H awai`i is an island state that is home to a unique set of flora and fauna. It’s vulnerable to invasive species not only from foreign countries but also from the mainland United States, and our Department of Agriculture has traditionally worked hard to keep the bad stuff out. Little fire ants? Brown tree snakes? We don’t want them, but we do want tons and tons of goods from the mainland and from foreign lands. That’s why DOA has had in place a rigorous inspection program to scrutinize those shipments and, hopefully, catch any undesirable hitchhikers before they have a chance to damage our island ecosystem.

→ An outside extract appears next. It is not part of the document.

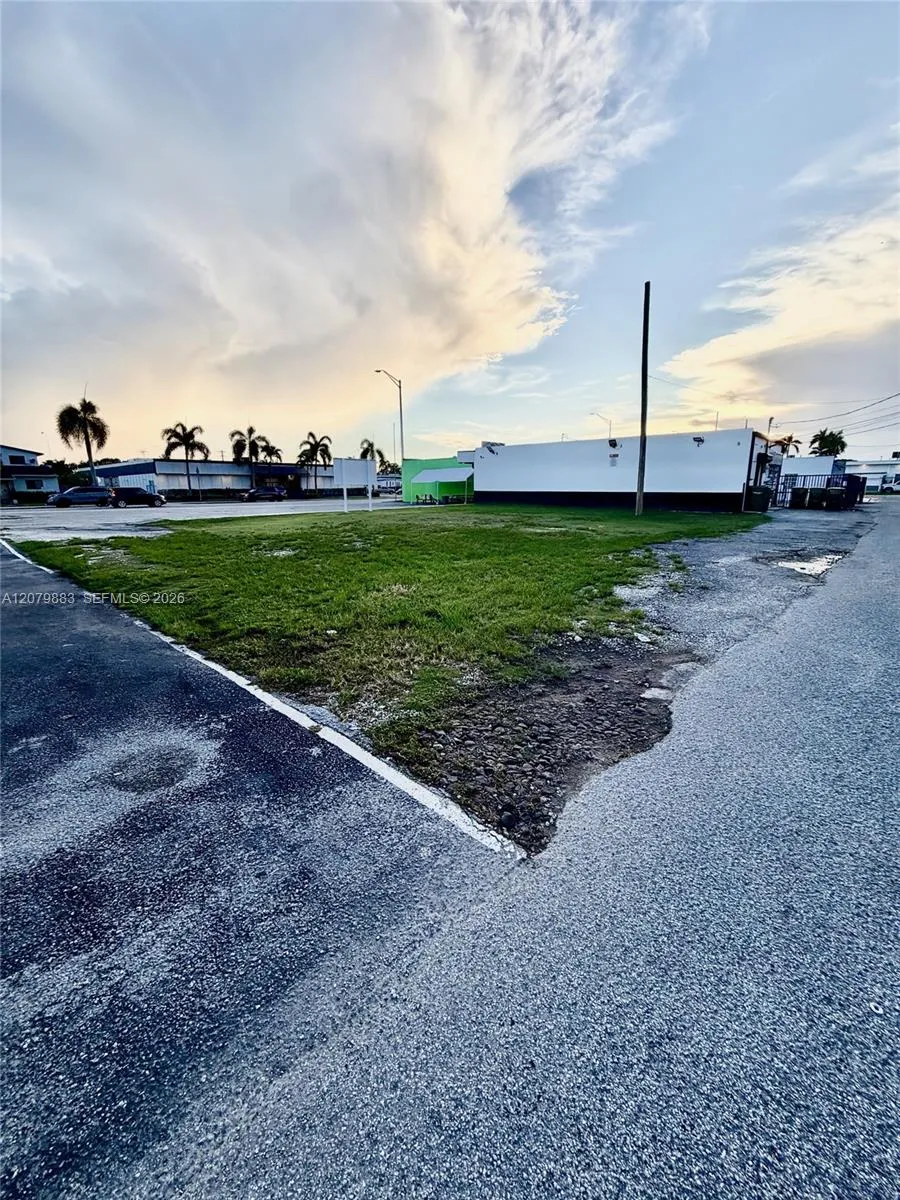 54 NW 8th St Homestead, FL 33030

In 2008, our lawmakers thought, sensibly enough, that the importers of freight should defray the costs of these inspections. They passed a bill imposing a fee of 50 cents per thousand founds of freight (increased in 2011 to 75 cents) that goes into a special fund called the “Pest Inspection, Quarantine, and Eradication Fund.” The fee is paid by the shipper, collected by the transportation company, and then paid over to the State. The fund pays for operating costs of pest inspection, quarantine, eradication, and monitoring programs and related purposes.
But the fee is collected only on shipments by water.

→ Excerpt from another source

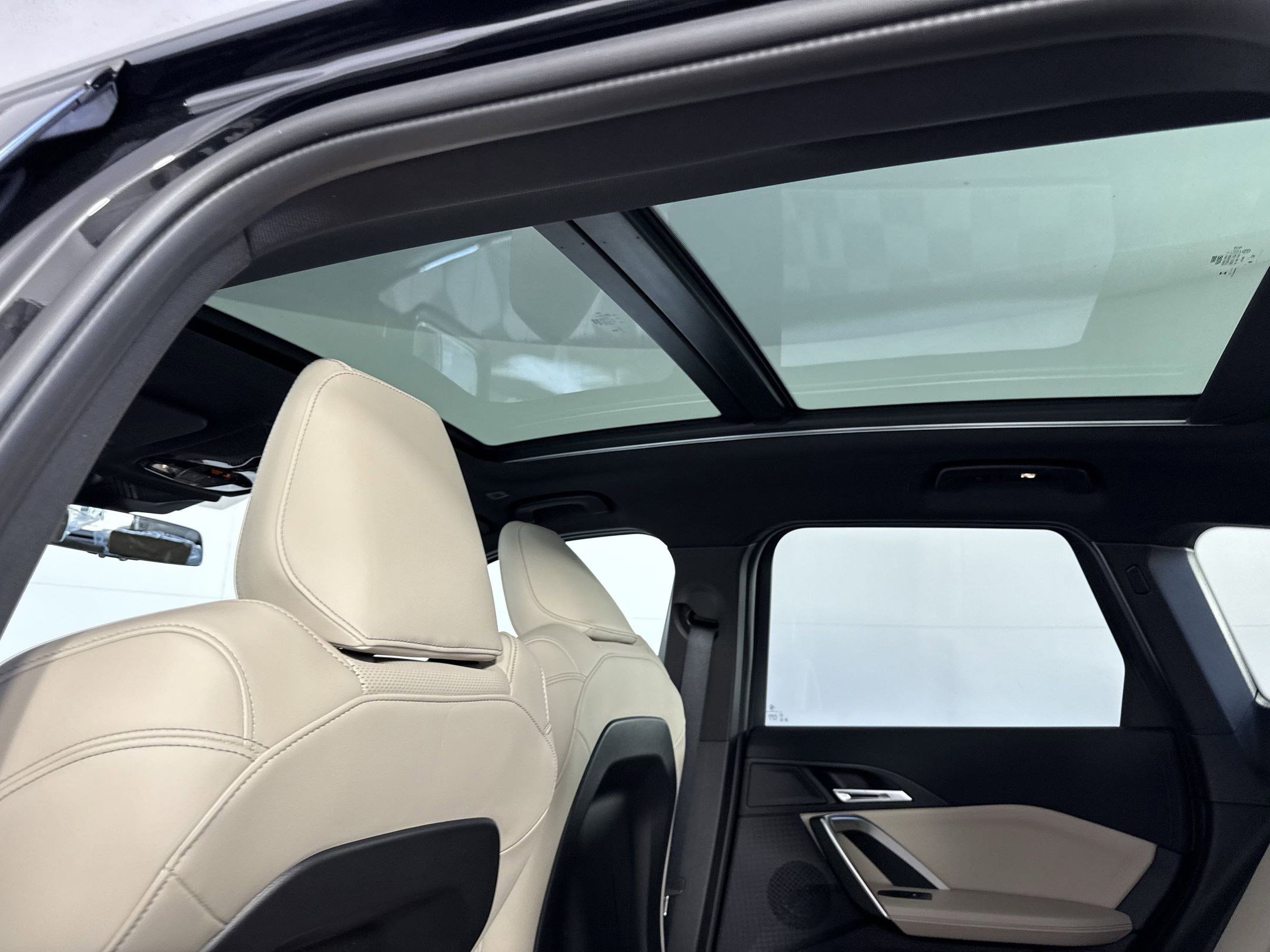 Used 2025 BMW X1 xDrive28i w/ Technology Package image 14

In mid-2010, the Air Transport Association sued in federal court and petitioned the U.S. Department of Transportation to rule that the inspection fee was preempted by federal law, specifically the Airline Deregulation Act of 1978, 49 U.S.C. §41713, and the Anti-Head Tax Act, 49 U.S.C. §40116. (Because of the latter act, the U.S. Supreme Court felled the Hawaii Public Service Company Tax in 1983 as it applied to income from air transportation of passengers and cargo.)
In 2012, the USDOT ruled that the inspection fee was indeed preempted. The State settled with the airline industry association and refunded the fees that had been collected. But then it looks like the State just gave up on the fees as they related to air freight.

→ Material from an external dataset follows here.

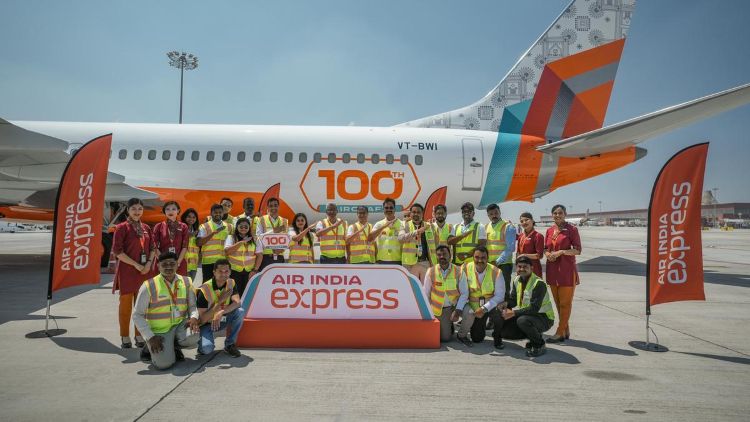എയര് ഇന്ത്യ എക്സ്പ്രസ് വികസന പാതയില്; 100 ാമത് വിമാനം ഫ്ലാഗ് ഓഫ് ചെയ്തു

The USDOT ruling, however, suggested that it might be possible to structure the fees to fix the problem. An article published in 2013 in the American Bar Association’s Air and Space Lawyer, furthermore, outlined one possible fix. The fee would have to be (1) imposed by the airport operator, in this case the State; (2) wholly used for airport or aeronautical purposes; and (3) reasonable, nondiscriminatory, and not unreasonably burdensome to interstate commerce. Element (1) is already satisfied. Element (2) can be satisfied if a separate air cargo inspection program, different from the marine cargo inspection program, is established and paid for by the air carrier fees. DOA already has the air cargo inspection program in place, so establishing a separate fund to pay for it would seem to be an easy fix. Element (3) should be achievable if the DOA doesn’t get too greedy and periodically adjusts its fee levels to match costs. The State Auditor’s Report No. 18-15 (page 24) observed that the balance in its special fund for these operations has been slowly creeping upward, so some tweaks may be necessary to ensure that revenues and expenses are in balance.
Lawmakers should give serious consideration to performing the fixes and working with USDOT and the airlines to pass and implement a legitimate inspection fee. Invasive species need to be caught and eliminated regardless of the means by which the species hitchhikes to Hawaii. It doesn’t seem fair that only one part of the transportation industry is paying to protect our islands while another part gets a free ride.